BFM Business

Travail des séniors : les moyens d'une ambition

BFM Business

Dans le cadre du projet de loi de financement de la sécurité sociale, le gouvernement souhaite favoriser l’emploi des séniors. Des mesures suffisantes ?

Les députés examinent à partir de ce mardi et pour quatre jours le Projet de Loi de Financement de la Sécurité Sociale (PLFSS) pour 2009. Le texte est présenté par Roselyne Bachelot, la ministre de la Santé et Eric Woerth, son collègue au Budget. Pas d'équilibre des comptes en vue, le gouvernement table sur un déficit stable du régime général de 8,6 milliards d'euros l'année prochaine.

Parmi les mesures phares : - une taxe sur le chiffre d'affaire des mutuelles qui rapportera 1 milliard d'euros. - une contribution de 2% payée par l'employeur sur l'intéressement, la participation et l'épargne salariale. - La taxation des stocks options et des parachutes dorés.

Pour l'assurance maladie, les économies envisagées sont chiffrées à 2,2 milliards d'euros grâce notamment à un encadrement plus sévère des dépenses de médicaments à l'hôpital et à la baisse du prix de certains médicaments génériques.

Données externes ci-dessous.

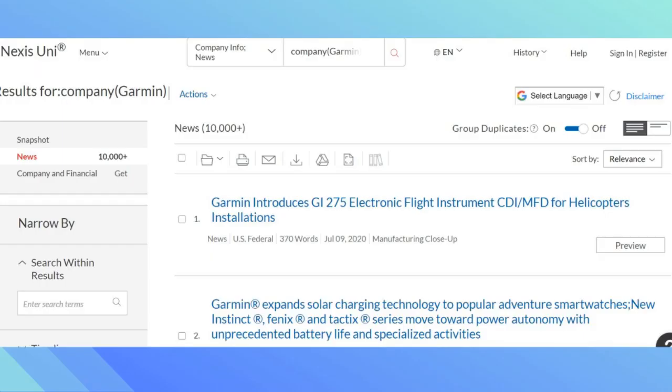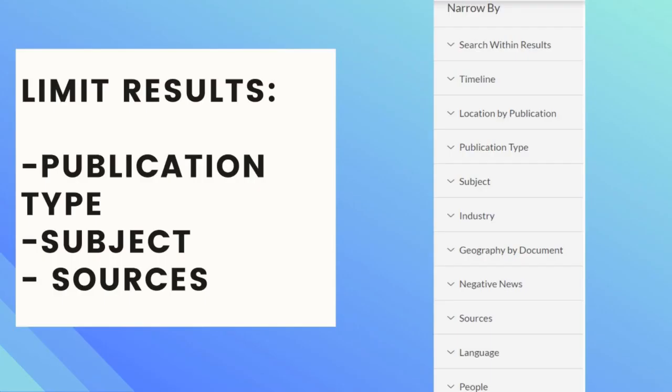Once your results populate you can see that there are a lot of results. You can limit these results by selecting the publication type, the subject, or the sources.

Le retour à l'équilibre, initialement prévu pour 2010, est envisagé pour 2012.

Favoriser l'emploi des séniors

Une des idées fortes du projet consiste à favoriser au maximum l'emploi des séniors. Le texte met fin à toutes les restrictions du cumul emploi-retraite, il majore les pensions des assurés ayant atteint l'âge légal de la retraite mais qui souhaitent continuer à travailler.

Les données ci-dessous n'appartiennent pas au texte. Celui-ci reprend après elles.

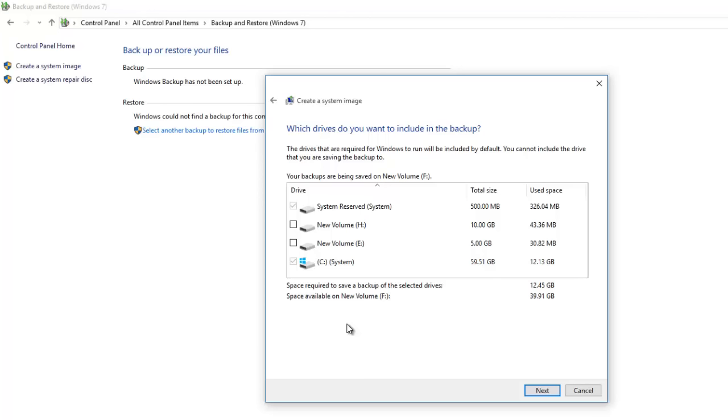which in my case now are the system reserved partition and C drive, and both are selected by default.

Selon Pierre Bonneau, avocat spécialiste de droit social, « ces propositions vont dans le bons sens. En restreignant la possibilité pour les employeurs de dire aux salariés "Maintenant, c'est terminé, vous devez liquider votre retraite", c'est extrêmement important. Dans le même sens, dire aux salariés "Financièrement, vous avez intérêt à travailler plus longtemps", c'est aussi un élément extrêmement fort. Le problème, ce n'est pas de savoir s'ils veulent ou si les employeurs veulent qu'ils restent plus longtemps, le problème c'est qu'on est un petit peu contraint d'offrir des outils pour qu'ils puissent rester plus longtemps. Il y a un problème démographique très important qui fait qu'on est obligé de se doter d'outils pour qu'ils puissent travailler plus longtemps. Le cœur du problème, c'est qu'il faut mettre en œuvre des mesures qui permettent de favoriser l'emploi à un âge plus élevé que celui qui est prévu actuellement ».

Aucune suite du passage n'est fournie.